(EXCERPTED DATA begins)

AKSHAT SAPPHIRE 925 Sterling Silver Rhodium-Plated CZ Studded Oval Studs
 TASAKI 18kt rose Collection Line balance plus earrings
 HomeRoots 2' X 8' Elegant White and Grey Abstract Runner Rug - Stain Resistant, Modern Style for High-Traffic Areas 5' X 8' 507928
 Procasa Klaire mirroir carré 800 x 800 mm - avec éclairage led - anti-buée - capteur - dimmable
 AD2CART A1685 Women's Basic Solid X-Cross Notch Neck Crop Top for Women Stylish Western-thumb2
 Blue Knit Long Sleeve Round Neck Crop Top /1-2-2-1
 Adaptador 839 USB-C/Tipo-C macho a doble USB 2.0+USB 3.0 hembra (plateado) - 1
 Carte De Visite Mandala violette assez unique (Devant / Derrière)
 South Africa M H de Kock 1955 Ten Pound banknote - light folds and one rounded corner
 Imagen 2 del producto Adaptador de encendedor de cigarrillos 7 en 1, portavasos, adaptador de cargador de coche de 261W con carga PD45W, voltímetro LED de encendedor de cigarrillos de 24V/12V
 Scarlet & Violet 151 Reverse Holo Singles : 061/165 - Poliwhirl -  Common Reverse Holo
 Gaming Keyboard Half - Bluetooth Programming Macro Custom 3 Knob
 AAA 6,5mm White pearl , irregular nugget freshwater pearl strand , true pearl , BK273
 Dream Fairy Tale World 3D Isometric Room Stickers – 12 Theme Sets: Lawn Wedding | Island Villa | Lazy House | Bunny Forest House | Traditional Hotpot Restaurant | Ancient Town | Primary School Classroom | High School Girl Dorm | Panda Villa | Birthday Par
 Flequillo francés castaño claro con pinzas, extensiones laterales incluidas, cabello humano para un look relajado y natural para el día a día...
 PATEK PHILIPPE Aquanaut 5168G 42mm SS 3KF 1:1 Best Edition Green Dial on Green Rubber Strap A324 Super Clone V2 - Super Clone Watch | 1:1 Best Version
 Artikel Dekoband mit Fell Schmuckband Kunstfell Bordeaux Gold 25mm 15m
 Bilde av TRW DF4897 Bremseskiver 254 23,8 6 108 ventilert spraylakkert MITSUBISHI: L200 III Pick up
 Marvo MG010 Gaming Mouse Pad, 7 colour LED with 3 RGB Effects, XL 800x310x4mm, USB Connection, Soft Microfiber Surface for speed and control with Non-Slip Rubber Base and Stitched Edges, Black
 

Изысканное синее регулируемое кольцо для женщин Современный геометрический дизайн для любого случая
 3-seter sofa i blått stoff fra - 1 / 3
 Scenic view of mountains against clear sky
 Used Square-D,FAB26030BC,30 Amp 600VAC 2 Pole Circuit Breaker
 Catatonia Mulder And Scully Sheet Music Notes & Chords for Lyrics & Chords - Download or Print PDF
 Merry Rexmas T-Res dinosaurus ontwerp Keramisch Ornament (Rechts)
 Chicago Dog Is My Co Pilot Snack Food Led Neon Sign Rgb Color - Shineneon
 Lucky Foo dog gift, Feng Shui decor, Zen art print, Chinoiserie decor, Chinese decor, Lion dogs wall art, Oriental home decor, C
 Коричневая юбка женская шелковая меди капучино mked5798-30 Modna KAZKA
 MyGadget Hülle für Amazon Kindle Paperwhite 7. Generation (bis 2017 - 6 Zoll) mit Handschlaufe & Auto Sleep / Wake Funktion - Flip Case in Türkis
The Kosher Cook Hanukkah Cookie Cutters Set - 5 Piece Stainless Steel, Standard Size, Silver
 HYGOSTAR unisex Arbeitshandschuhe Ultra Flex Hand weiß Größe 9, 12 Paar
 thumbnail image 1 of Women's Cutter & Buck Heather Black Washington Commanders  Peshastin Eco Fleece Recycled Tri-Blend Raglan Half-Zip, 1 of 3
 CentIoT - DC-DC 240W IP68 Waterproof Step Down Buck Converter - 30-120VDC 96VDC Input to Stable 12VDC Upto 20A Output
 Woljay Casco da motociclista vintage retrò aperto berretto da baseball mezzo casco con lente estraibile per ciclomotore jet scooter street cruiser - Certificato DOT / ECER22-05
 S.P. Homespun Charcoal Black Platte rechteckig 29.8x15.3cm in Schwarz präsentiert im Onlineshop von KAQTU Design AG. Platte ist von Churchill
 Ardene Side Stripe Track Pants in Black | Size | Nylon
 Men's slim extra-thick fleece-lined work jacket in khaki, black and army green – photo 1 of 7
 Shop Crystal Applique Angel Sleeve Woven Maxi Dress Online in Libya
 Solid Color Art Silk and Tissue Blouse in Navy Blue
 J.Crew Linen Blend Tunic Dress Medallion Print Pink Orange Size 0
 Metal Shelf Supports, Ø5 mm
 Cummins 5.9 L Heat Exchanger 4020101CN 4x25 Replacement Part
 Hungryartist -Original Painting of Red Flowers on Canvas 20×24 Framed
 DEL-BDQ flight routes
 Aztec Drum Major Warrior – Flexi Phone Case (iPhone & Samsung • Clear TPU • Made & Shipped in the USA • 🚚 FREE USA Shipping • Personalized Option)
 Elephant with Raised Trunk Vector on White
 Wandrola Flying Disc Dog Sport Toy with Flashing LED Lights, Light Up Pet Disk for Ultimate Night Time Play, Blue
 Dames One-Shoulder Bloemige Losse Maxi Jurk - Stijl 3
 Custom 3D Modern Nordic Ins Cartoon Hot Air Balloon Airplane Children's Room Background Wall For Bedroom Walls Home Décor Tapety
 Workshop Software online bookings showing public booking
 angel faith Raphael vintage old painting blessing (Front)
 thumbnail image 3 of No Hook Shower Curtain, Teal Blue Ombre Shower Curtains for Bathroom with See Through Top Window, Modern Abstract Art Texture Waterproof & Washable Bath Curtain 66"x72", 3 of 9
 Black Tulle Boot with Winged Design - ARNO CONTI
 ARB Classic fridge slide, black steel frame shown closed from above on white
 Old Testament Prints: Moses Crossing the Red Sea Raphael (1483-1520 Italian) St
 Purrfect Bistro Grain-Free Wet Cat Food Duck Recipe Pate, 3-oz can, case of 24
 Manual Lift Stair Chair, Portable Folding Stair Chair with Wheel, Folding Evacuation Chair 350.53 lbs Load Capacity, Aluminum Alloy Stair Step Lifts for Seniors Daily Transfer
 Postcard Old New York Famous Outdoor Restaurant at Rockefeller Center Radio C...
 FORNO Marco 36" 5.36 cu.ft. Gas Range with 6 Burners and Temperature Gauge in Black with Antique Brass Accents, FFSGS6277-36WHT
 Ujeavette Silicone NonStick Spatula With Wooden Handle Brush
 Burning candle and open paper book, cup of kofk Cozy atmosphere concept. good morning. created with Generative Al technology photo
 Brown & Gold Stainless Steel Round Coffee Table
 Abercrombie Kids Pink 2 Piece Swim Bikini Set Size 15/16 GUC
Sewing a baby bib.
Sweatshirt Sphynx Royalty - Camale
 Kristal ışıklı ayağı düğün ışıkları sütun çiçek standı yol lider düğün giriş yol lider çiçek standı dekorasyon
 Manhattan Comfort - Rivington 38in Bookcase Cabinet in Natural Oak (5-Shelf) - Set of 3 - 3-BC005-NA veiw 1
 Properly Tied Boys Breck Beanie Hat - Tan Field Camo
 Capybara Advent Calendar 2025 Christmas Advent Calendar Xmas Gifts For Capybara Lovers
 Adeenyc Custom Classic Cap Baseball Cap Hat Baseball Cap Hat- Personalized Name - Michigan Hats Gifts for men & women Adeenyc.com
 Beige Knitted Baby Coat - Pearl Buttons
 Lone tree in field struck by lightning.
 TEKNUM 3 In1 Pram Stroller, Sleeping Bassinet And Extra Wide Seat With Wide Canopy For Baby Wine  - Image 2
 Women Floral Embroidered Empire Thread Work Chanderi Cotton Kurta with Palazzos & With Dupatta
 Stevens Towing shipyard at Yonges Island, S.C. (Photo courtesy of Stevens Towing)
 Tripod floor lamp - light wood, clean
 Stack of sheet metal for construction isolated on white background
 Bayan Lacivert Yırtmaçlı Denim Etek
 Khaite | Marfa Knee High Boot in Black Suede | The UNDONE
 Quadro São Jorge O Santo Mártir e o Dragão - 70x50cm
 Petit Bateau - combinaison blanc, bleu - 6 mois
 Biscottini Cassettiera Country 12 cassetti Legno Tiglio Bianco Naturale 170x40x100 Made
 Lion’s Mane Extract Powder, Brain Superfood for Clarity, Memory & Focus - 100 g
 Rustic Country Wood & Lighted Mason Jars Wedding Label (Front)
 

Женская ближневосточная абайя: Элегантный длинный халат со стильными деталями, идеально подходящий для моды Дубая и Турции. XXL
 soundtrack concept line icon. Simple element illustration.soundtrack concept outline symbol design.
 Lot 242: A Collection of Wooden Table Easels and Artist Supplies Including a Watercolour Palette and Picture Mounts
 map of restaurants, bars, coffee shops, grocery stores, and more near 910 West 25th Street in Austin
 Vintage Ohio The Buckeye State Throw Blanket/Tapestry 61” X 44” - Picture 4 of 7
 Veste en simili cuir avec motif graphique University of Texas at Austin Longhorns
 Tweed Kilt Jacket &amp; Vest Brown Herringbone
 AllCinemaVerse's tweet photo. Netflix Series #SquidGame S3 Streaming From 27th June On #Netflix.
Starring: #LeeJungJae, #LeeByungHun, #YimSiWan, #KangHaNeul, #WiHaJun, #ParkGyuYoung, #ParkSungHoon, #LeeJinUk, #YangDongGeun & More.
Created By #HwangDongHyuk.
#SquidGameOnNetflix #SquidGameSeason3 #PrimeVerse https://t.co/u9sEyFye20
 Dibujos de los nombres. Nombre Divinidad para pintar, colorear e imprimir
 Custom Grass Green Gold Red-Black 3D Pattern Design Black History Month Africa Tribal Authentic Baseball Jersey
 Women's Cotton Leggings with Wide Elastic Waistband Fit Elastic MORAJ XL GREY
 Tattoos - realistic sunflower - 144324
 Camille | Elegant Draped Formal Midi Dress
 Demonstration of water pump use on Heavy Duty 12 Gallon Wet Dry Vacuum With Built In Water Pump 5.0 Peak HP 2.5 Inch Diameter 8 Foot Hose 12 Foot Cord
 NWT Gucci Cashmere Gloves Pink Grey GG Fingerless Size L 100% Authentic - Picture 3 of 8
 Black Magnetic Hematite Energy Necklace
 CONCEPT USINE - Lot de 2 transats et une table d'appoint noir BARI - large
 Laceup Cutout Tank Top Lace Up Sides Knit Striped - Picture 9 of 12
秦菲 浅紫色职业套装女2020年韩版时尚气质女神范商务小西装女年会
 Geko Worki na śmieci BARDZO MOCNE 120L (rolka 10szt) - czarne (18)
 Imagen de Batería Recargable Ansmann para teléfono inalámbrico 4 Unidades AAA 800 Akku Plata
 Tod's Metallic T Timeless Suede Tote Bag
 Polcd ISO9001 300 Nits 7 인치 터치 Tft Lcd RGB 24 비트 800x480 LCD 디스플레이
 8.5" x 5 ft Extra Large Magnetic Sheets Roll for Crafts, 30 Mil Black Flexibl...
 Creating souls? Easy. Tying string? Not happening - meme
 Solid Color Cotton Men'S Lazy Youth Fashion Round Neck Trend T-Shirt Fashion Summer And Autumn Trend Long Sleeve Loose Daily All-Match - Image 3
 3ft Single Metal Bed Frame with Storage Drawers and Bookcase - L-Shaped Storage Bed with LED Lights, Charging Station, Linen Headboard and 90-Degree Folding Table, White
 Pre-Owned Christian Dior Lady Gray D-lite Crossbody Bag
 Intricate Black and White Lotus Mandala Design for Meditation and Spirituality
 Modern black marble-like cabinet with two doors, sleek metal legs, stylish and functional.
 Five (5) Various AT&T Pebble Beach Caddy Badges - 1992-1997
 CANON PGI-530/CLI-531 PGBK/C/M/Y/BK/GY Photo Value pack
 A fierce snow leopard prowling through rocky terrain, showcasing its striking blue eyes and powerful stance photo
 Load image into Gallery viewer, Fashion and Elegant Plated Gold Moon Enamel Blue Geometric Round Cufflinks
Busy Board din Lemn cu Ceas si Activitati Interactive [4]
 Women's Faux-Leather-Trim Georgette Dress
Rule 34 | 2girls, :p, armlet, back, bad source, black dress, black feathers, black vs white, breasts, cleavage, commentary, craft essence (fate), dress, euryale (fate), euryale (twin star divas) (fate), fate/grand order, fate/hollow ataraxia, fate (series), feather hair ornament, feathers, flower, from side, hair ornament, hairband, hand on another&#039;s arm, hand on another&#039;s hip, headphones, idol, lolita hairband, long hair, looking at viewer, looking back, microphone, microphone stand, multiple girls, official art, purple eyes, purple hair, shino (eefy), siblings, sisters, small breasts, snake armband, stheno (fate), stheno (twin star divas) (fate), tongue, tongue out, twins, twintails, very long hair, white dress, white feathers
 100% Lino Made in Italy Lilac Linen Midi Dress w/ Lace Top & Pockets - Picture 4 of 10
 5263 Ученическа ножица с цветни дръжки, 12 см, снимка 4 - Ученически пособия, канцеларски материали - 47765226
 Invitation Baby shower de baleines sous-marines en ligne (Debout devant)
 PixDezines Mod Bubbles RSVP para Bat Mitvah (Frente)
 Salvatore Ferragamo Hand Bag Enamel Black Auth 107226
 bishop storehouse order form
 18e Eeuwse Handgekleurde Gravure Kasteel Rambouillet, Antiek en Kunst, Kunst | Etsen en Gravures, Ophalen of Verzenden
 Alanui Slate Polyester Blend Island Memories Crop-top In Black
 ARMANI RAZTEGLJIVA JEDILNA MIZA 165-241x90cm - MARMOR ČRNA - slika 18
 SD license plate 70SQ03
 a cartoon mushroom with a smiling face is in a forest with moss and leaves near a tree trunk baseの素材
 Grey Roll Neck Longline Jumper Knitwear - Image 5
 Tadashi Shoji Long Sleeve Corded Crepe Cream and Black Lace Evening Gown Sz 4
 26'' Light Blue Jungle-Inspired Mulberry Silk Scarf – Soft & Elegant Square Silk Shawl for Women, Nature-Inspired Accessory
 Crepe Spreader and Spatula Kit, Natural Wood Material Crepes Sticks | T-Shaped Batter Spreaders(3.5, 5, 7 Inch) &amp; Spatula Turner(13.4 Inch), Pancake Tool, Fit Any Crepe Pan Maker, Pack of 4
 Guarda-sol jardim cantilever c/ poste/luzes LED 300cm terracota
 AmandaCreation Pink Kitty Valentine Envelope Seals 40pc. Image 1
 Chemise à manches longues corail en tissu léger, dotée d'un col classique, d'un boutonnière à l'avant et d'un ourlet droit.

(EXCERPTED DATA ends)

WHAT THE TASK ASKS:
Print, exactly and only, the lines running from the one with "AmandaCreation Pink Kitty" to the end of the data above.

THE COMPLETED TASK:
 AmandaCreation Pink Kitty Valentine Envelope Seals 40pc. Image 1
 Chemise à manches longues corail en tissu léger, dotée d'un col classique, d'un boutonnière à l'avant et d'un ourlet droit.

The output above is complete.